Task objective —
Only the words of the entries are wanted, repeated exactly and without images.

______

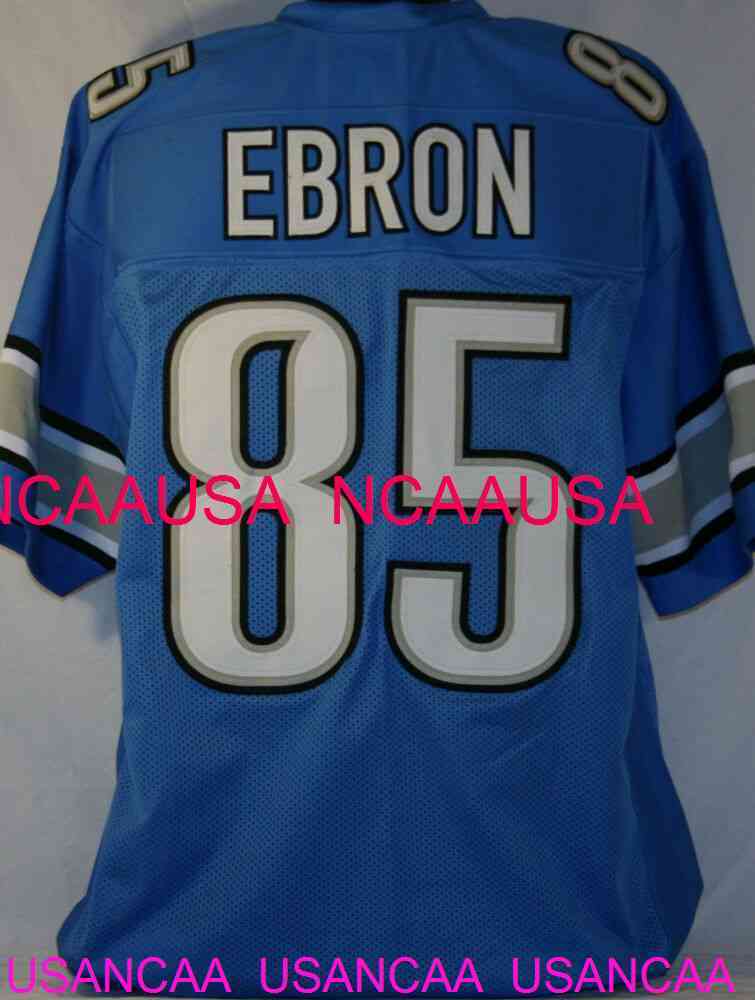

Men Women Youth Eric Ebron Custom Sewn Blue Football Jersey Professional Jersey XS-5XL 6XL, Black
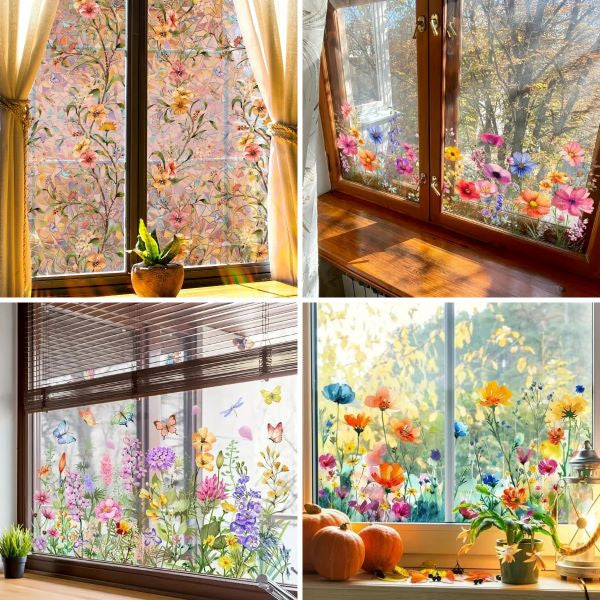 LAST DAY 64% OFF💐Colorful Floral Bouquet Window Sticker🖼️(Cut to size freely)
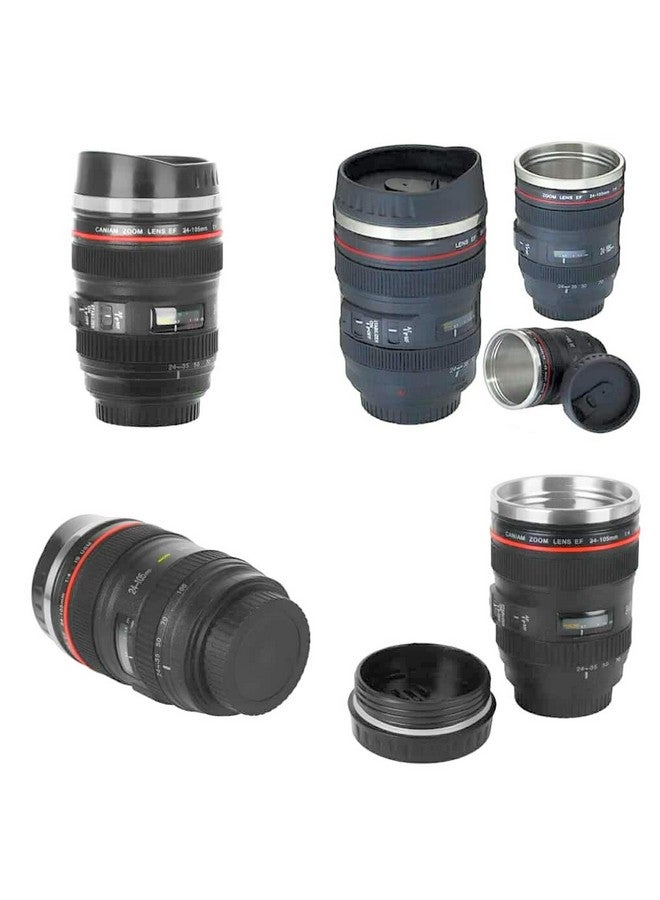 Inditradition Camera Lens Coffee Mug | Steel Insulated Travel Mug, Thermos (400 ML, Black)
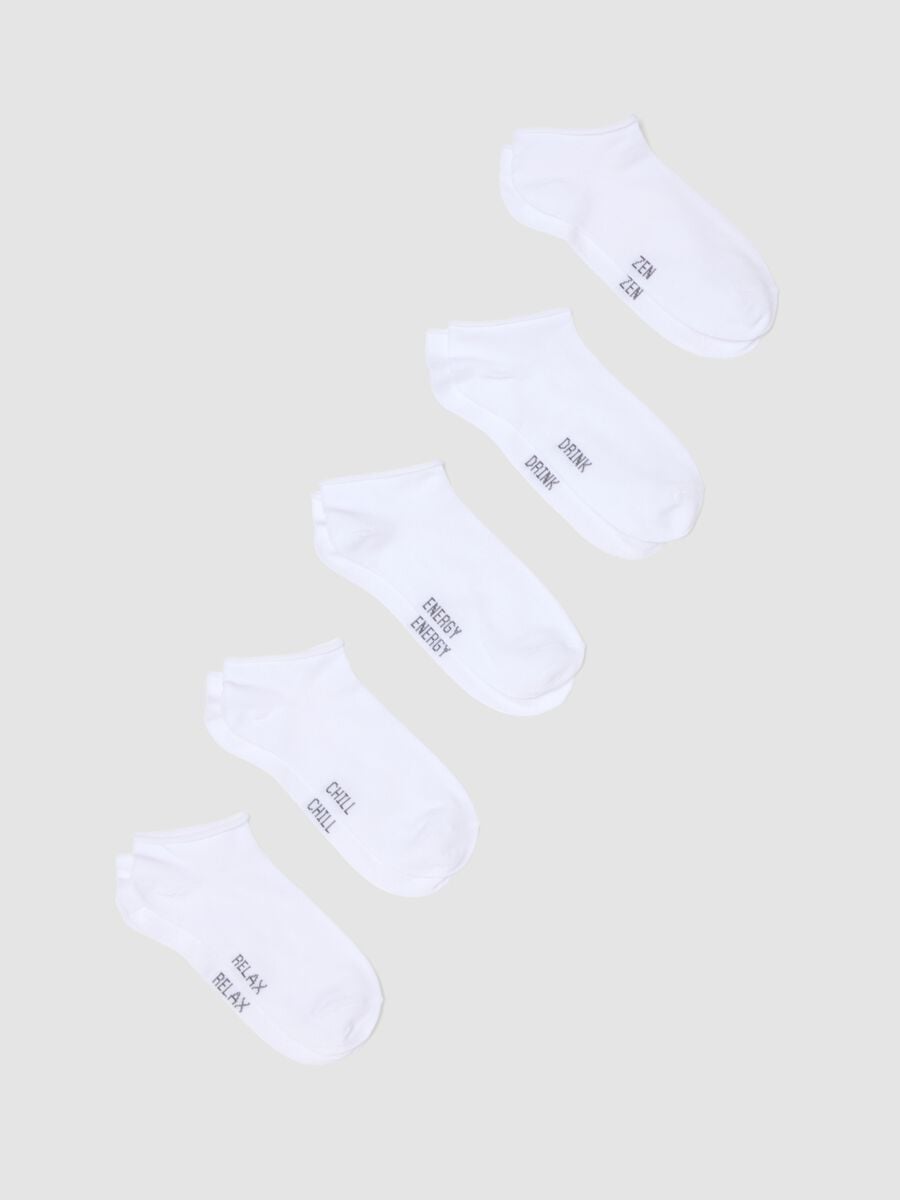 Pack of five white no-show socks in stretch fabric_0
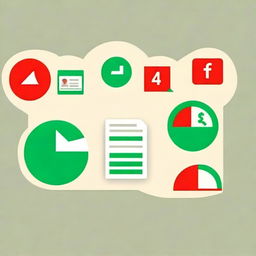 A profile picture featuring a clean, professional theme, with symbols of accounting such as calculators, ledgers and pie charts, in corporate colors.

______

Result for this exercise —
Men Women Youth Eric Ebron Custom Sewn Blue Football Jersey Professional Jersey XS-5XL 6XL, Black
 LAST DAY 64% OFF💐Colorful Floral Bouquet Window Sticker🖼️(Cut to size freely)
 Inditradition Camera Lens Coffee Mug | Steel Insulated Travel Mug, Thermos (400 ML, Black)
 Pack of five white no-show socks in stretch fabric_0
 A profile picture featuring a clean, professional theme, with symbols of accounting such as calculators, ledgers and pie charts, in corporate colors.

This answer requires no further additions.